A Operação também foi alvo de outra polêmica, em outubro do ano passado, com a morte de outro detido, Valdir Pereira da Rocha. Ele foi linchado na Cadeia Pública de Várzea Grande, próximo a Cuiabá, dois meses após ser preso pela Hashtag. Ele teria sido agredido pelos detentos por ser considerado terrorista, crime malvisto pela população carcerária por mirar inocentes, crianças e mulheres.

"Se toda essa falação que temos feito todo esse tempo, se a gente colocar em ações, isso vai dar muitos frutos"

Durante o processo, a Defensoria Pública da União chegou a pedir a nulidade da denúncia, uma vez que os detidos na Hashtag ficaram sem acesso a advogados durante os interrogatórios iniciais, o que configuraria cerceamento do direito de defesa e colheita irregular de provas. O juiz indeferiu o pedido. A defesa também destacou que "nenhum dos acusados adquiriu artefatos terroristas, traçou planos de atentado, adquiriu passagens rodoviárias ou aéreas, ou detinham documentos com efetivo intento migratório e de engajamento terrorista", além de estarem geograficamente distantes. Outro argumento dos advogados é que parte das provas teriam sido colhidas de forma irregular nos grupos de conversa do Telegram, por um "agente infiltrado não-policial" e "sem autorização judicial".

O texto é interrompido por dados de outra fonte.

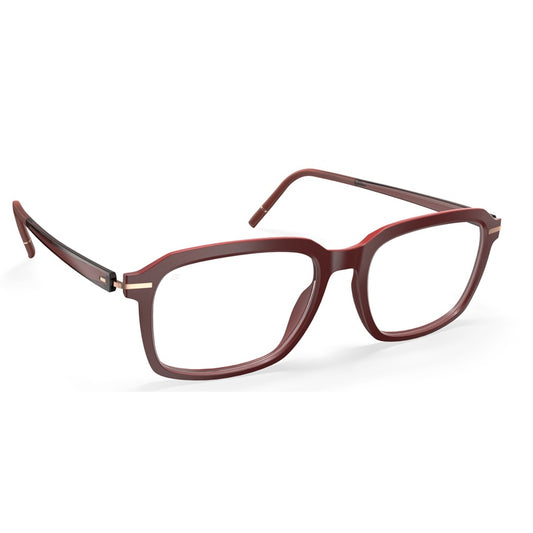 Silhouette Eyeglasses, Model: VibrantHorizonFullrim2975 Colour: 3540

Na sentença, o magistrado afirma que "as mazelas humanitárias causadas por grupos terroristas como o autodenominado Estado Islâmico são internacionalmente conhecidas e violam os mais comezinhos princípios de convivência pacífica". Para o juiz, a tese da defesa de que "as postagens e diálogos dos acusados de conteúdo extremista não passavam de expressão de curiosidade religiosa ou meras bravatas" não podem ser "aceitas como justificativas aptas a excluir a tipicidade (...) ou culpabilidade das ações".

A reportagem não conseguiu entrar em contato com os advogados dos condenados nem com a Defensoria Pública.